What the exercise asks:
The exact lines from the start of the material below through the line holding "MAISON CLUB(メゾンクラブ)の「【MAISON CLUB】High" are the answer; return those, pictures excluded.

+---+

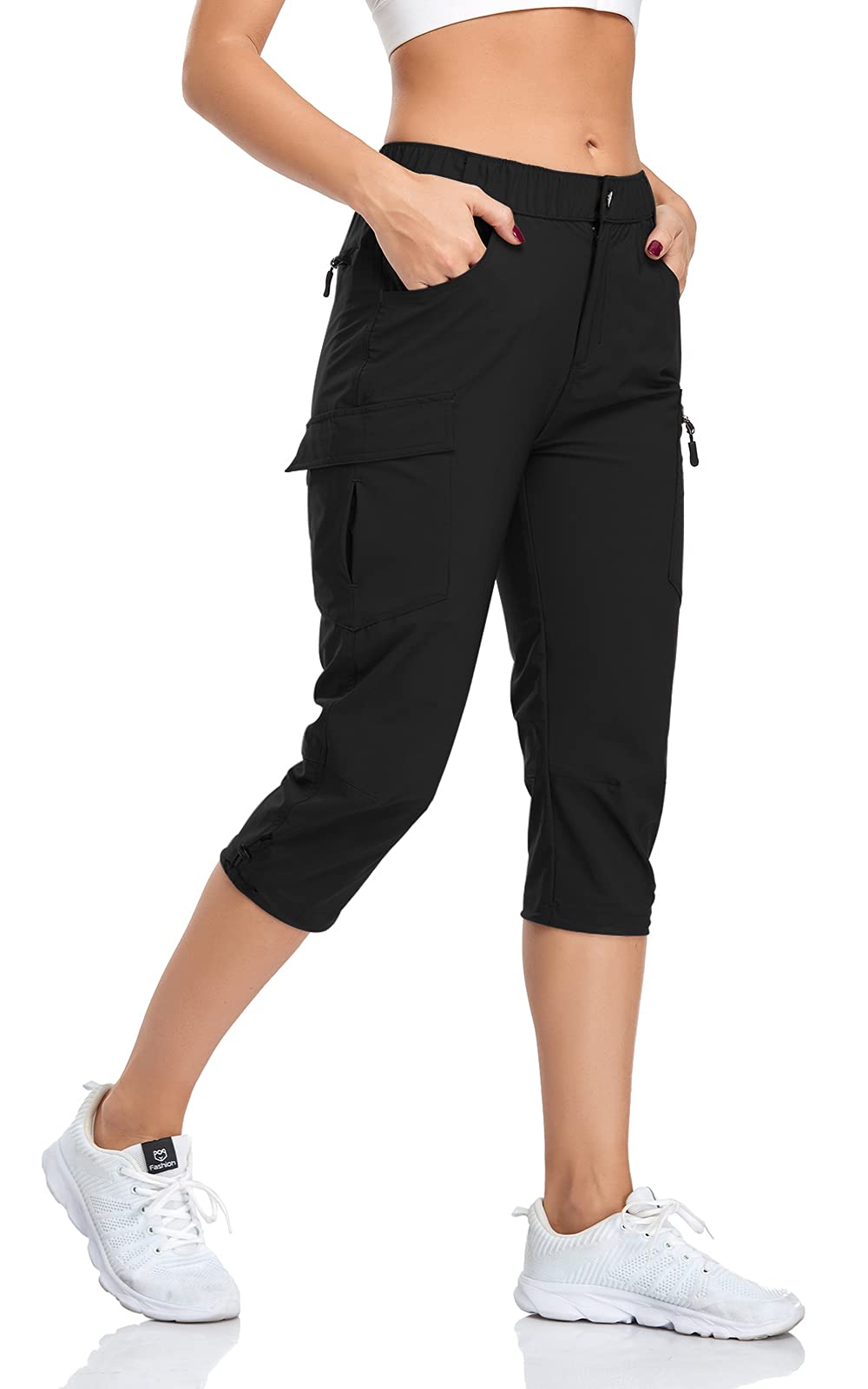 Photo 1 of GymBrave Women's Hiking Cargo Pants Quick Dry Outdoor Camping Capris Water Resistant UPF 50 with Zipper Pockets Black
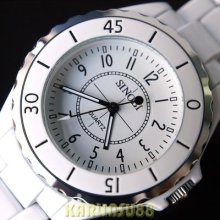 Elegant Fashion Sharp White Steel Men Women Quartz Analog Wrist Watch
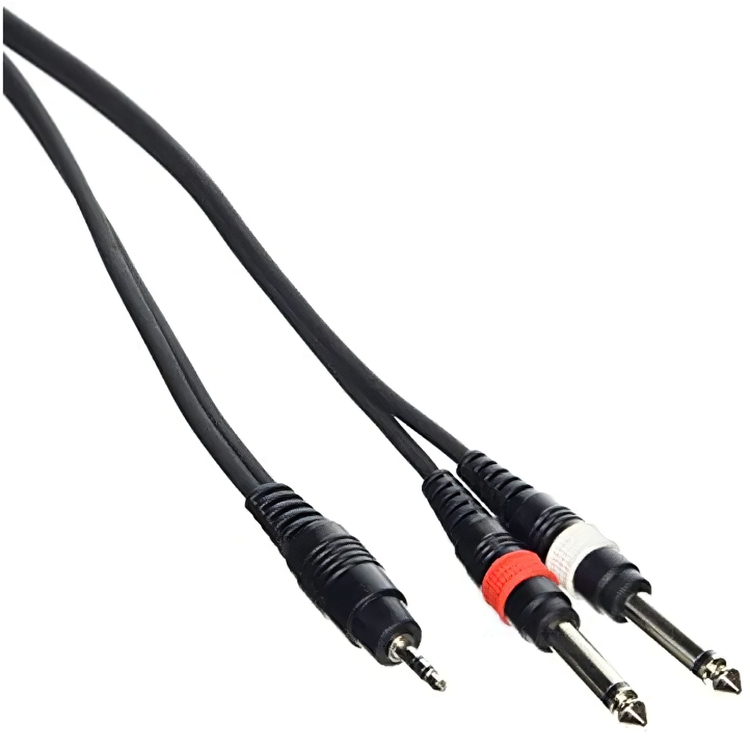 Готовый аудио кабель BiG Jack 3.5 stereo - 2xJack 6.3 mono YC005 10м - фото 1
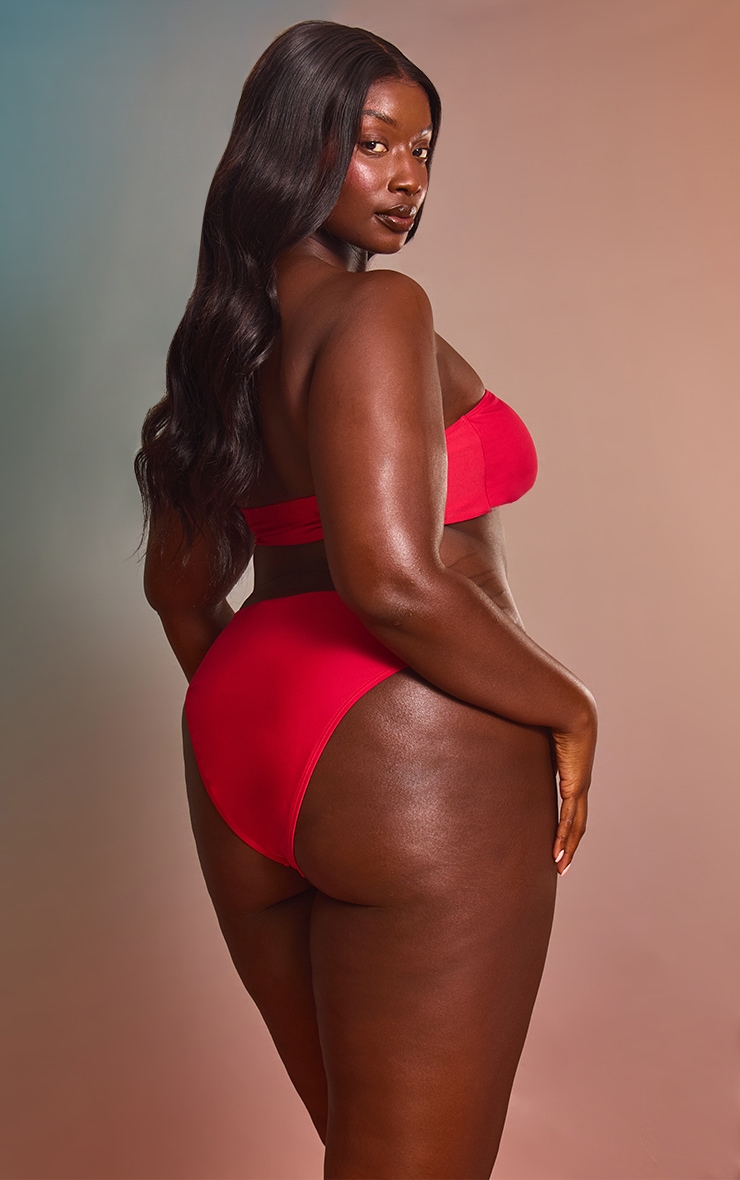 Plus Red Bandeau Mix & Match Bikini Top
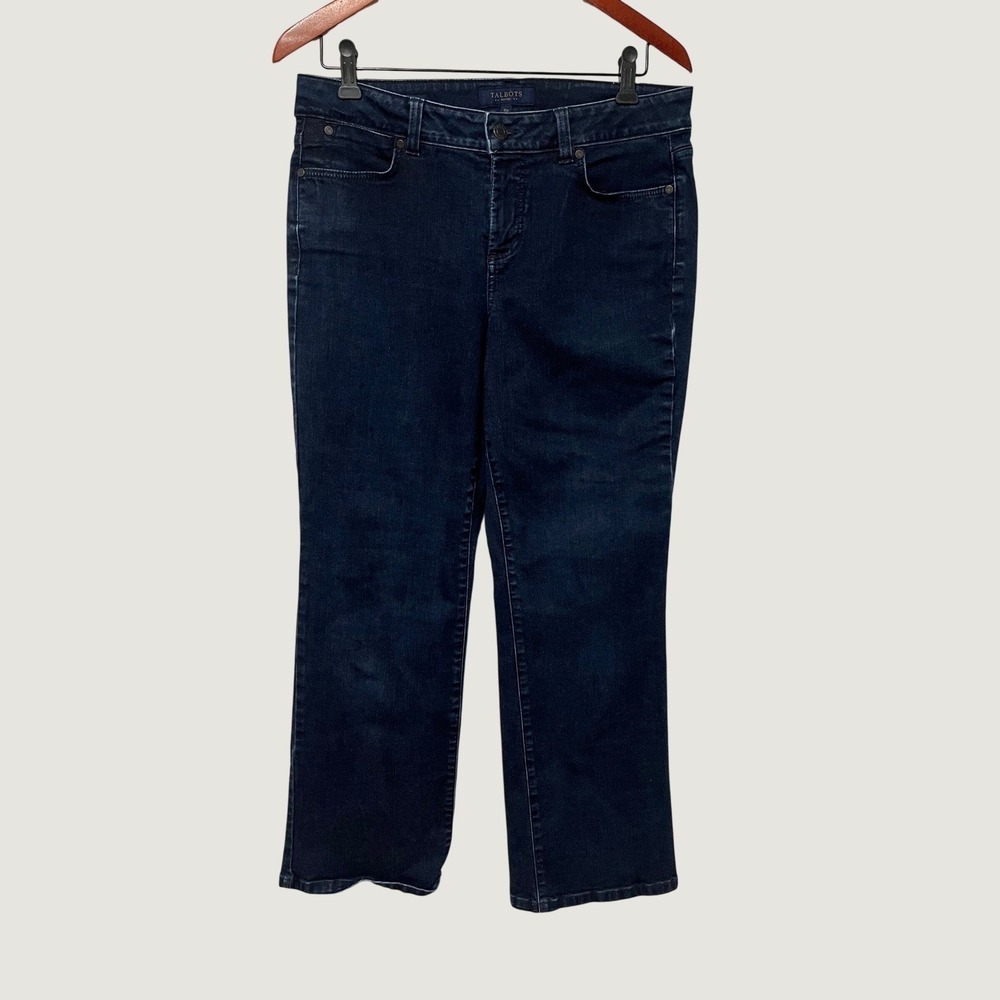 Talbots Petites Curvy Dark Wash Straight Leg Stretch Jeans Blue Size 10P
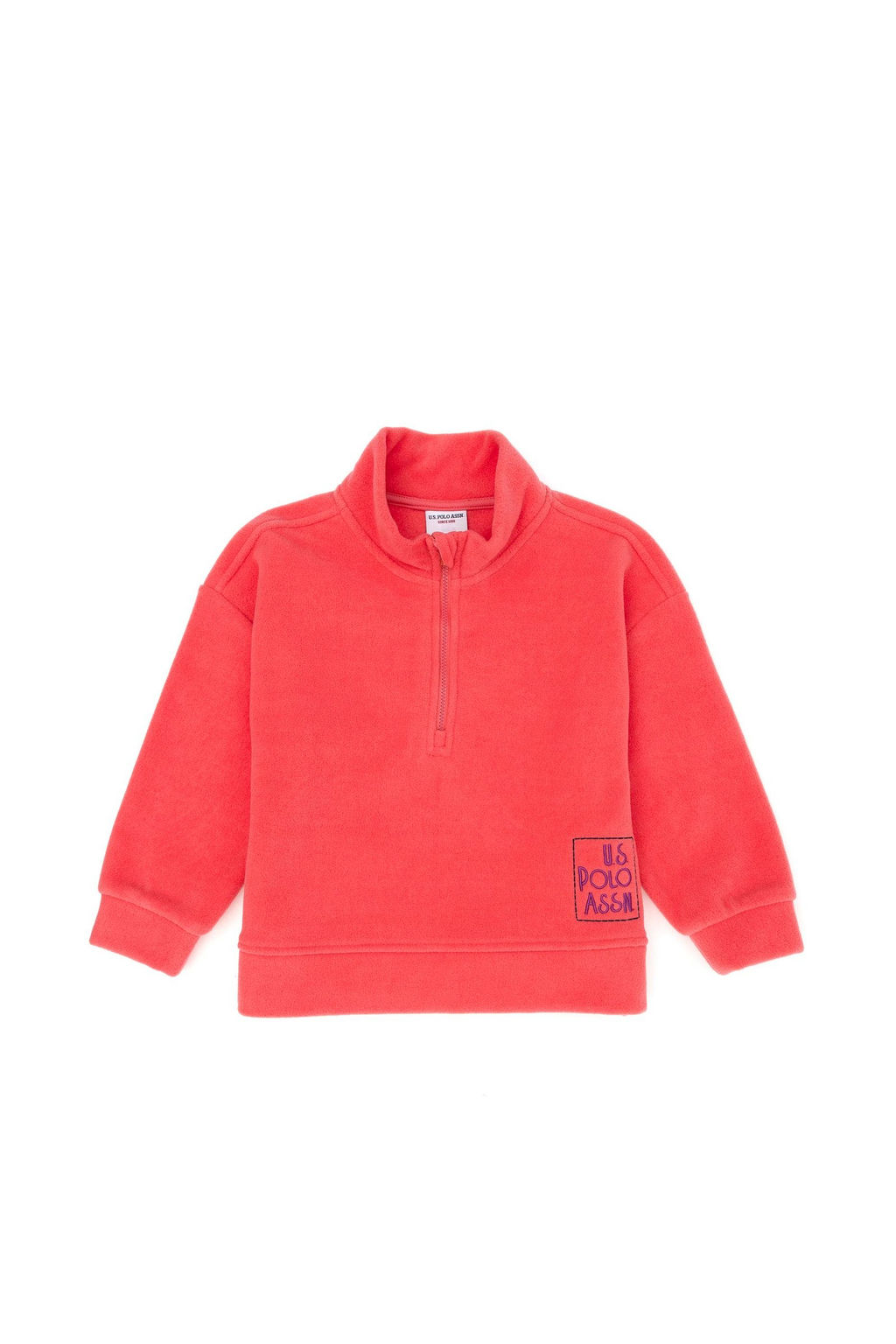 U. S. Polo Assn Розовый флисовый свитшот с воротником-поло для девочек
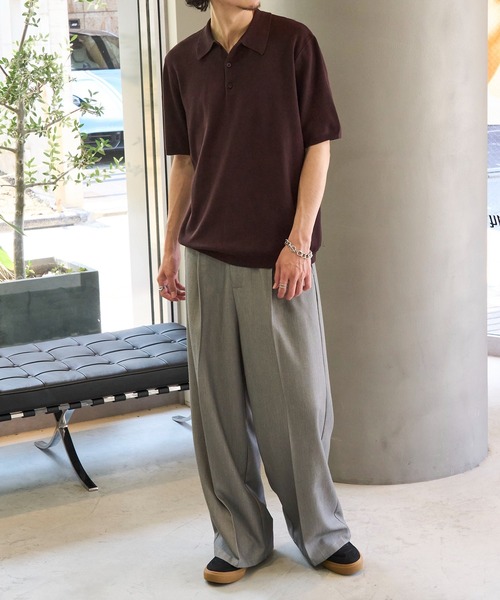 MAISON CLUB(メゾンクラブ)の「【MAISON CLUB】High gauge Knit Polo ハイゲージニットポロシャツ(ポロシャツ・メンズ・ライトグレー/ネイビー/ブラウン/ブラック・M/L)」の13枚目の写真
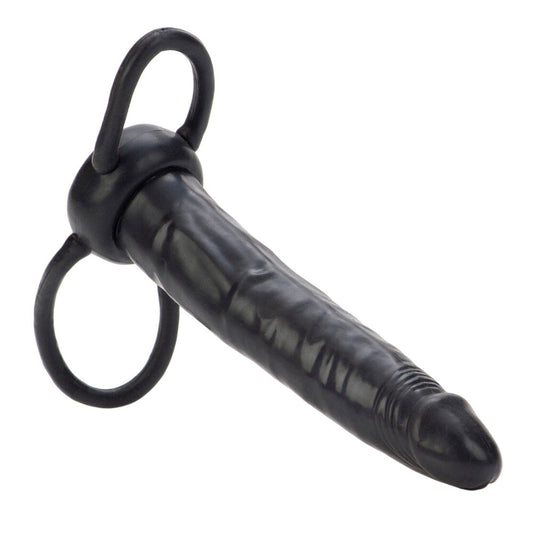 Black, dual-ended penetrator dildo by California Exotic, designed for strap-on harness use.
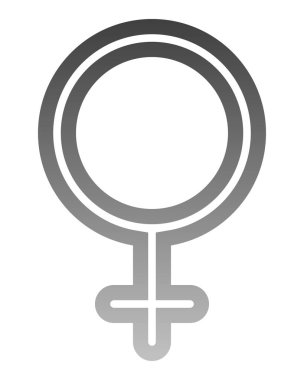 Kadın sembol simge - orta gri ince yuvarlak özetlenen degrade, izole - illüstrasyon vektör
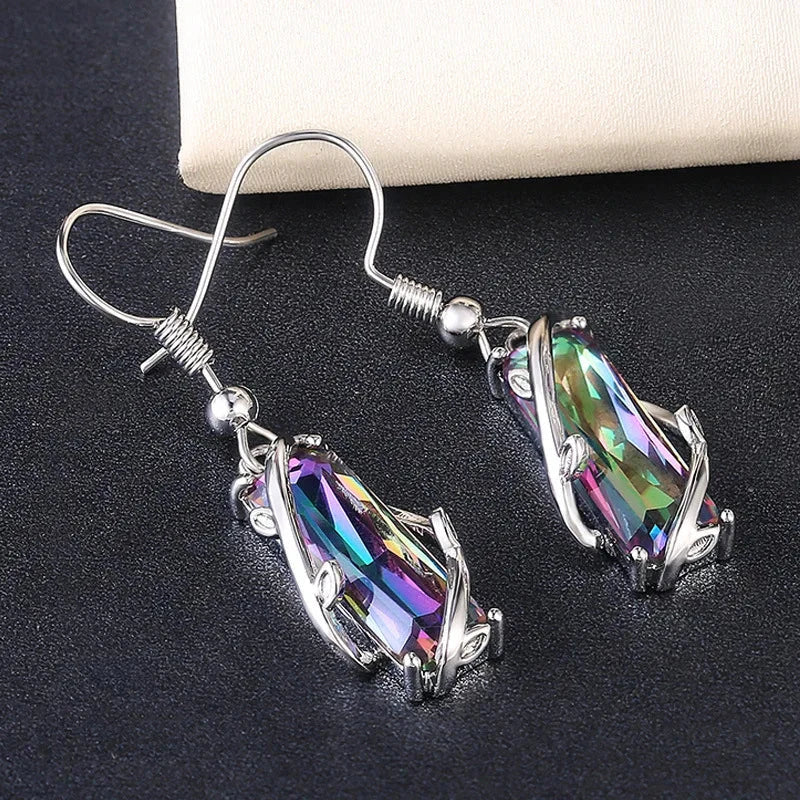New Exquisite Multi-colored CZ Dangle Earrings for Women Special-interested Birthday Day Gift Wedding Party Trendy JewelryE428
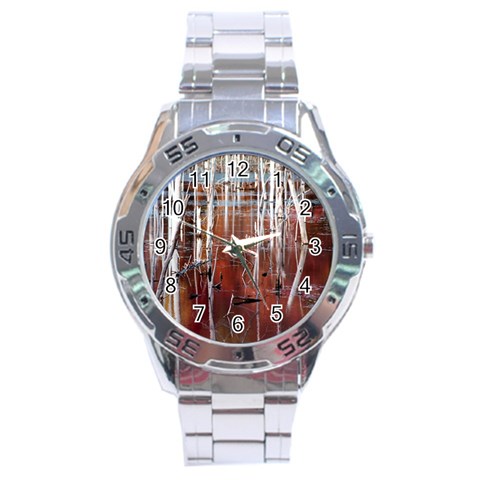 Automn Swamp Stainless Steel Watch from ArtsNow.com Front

+---+

Task answer:
 Photo 1 of GymBrave Women's Hiking Cargo Pants Quick Dry Outdoor Camping Capris Water Resistant UPF 50 with Zipper Pockets Black
 Elegant Fashion Sharp White Steel Men Women Quartz Analog Wrist Watch
 Готовый аудио кабель BiG Jack 3.5 stereo - 2xJack 6.3 mono YC005 10м - фото 1
 Plus Red Bandeau Mix & Match Bikini Top
 Talbots Petites Curvy Dark Wash Straight Leg Stretch Jeans Blue Size 10P
 U. S. Polo Assn Розовый флисовый свитшот с воротником-поло для девочек
 MAISON CLUB(メゾンクラブ)の「【MAISON CLUB】High gauge Knit Polo ハイゲージニットポロシャツ(ポロシャツ・メンズ・ライトグレー/ネイビー/ブラウン/ブラック・M/L)」の13枚目の写真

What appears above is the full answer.